#### Exercise objective:
Please reproduce all the data exactly as written and omit the pictures.

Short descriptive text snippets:
====================
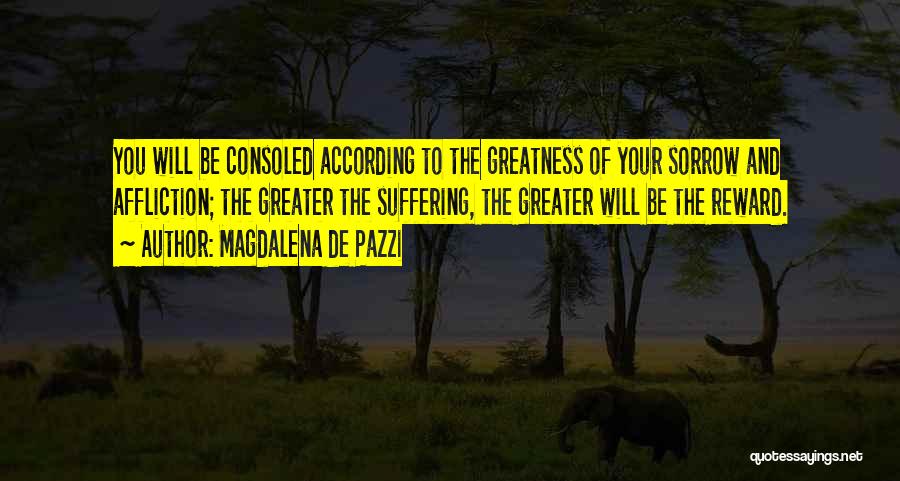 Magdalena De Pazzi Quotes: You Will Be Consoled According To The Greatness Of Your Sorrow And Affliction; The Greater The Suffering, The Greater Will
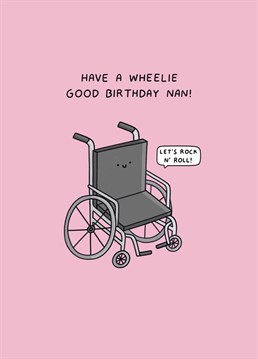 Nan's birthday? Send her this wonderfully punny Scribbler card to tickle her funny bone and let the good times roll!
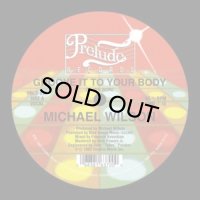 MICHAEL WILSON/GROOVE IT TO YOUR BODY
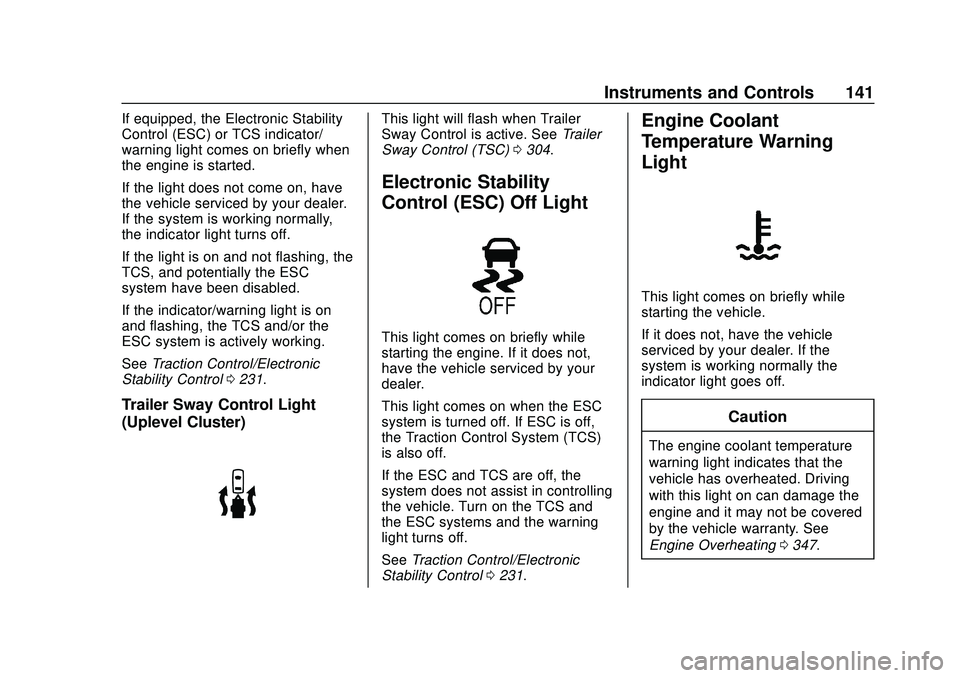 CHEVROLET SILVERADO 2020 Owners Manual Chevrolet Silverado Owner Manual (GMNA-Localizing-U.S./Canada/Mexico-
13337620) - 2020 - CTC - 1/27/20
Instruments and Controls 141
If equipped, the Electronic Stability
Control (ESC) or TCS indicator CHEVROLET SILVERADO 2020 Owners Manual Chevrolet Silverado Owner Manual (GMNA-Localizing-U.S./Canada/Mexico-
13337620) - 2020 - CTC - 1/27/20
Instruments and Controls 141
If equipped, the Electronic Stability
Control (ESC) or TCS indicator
====================
#### Exercise answer:
 Magdalena De Pazzi Quotes: You Will Be Consoled According To The Greatness Of Your Sorrow And Affliction; The Greater The Suffering, The Greater Will
 Nan's birthday? Send her this wonderfully punny Scribbler card to tickle her funny bone and let the good times roll!
 MICHAEL WILSON/GROOVE IT TO YOUR BODY
 CHEVROLET SILVERADO 2020 Owners Manual Chevrolet Silverado Owner Manual (GMNA-Localizing-U.S./Canada/Mexico-
13337620) - 2020 - CTC - 1/27/20
Instruments and Controls 141
If equipped, the Electronic Stability
Control (ESC) or TCS indicator CHEVROLET SILVERADO 2020 Owners Manual Chevrolet Silverado Owner Manual (GMNA-Localizing-U.S./Canada/Mexico-
13337620) - 2020 - CTC - 1/27/20
Instruments and Controls 141
If equipped, the Electronic Stability
Control (ESC) or TCS indicator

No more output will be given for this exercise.